Over the years, close to a million pianists worldwide have viewed Ms. Golandsky’s instructional materials.

Work with Other Instruments

The piano world is not unique in the number of physical injuries. Practitioners of other instruments suffer from similar injuries as well. Ms. Golandsky has applied Taubman principles to help other instrumentalists as well.

Ms. Golandsky has followed Dorothy Taubman in the quest to help other injured instrumentalists who came asking for help.
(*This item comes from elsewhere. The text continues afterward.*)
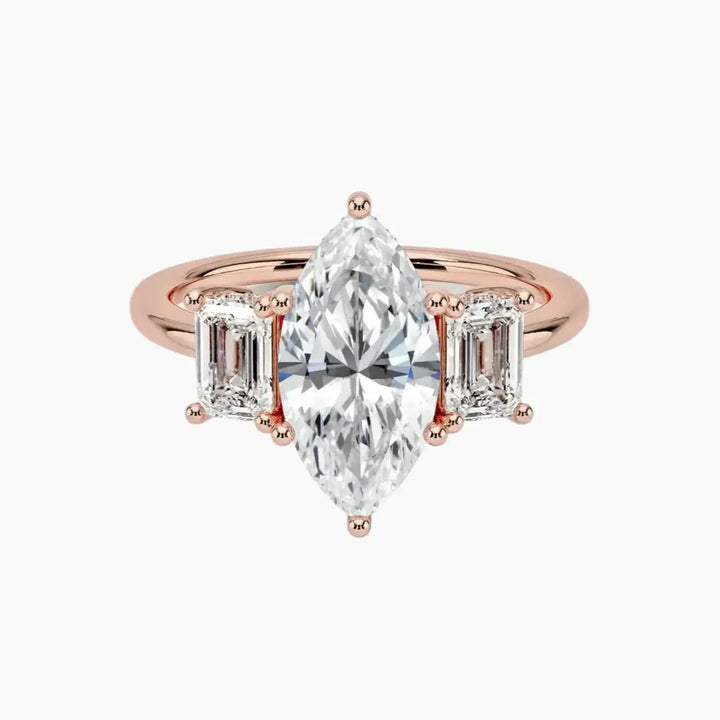 Aurelia Marquise Hidden Halo 1.5 Carat Lab Grown Diamond Engagement Ring in 18K Rose Gold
While there are differences in instruments, the common ground that they share with piano technique enables the Taubman Approach to benefit other instrumentalists as well. Working with them provided Ms. Golandsky the knowledge to help others.


For the past twelve years, Ms. Golandsky has been working with the violinist Sophie Till, who came seeking relief from long-standing problems. This led to developing a comprehensive application of the Taubman work to string instruments. Together in 2013 they conducted a symposium for both piano and violin at Cambridge University in England. Over the course of the last thirty years, Ms. Golandsky has worked with individuals on the violin, other string instruments, woodwinds, percussion and brass instruments.

Healthy Typing

Recognizing that there is a common denominator between keyboards of all kinds and that musicians’ injuries are applicable to all keyboard users, Ms. Golandsky began to help computer users, smartphone users and people with handwriting problems as well.

She established Healthy Typing, a consulting service to help individuals relieve the heavy economic and physical damage that incorrect keyboard habits produce. The Healthy Typing approach has been employed successfully over the last thirty years.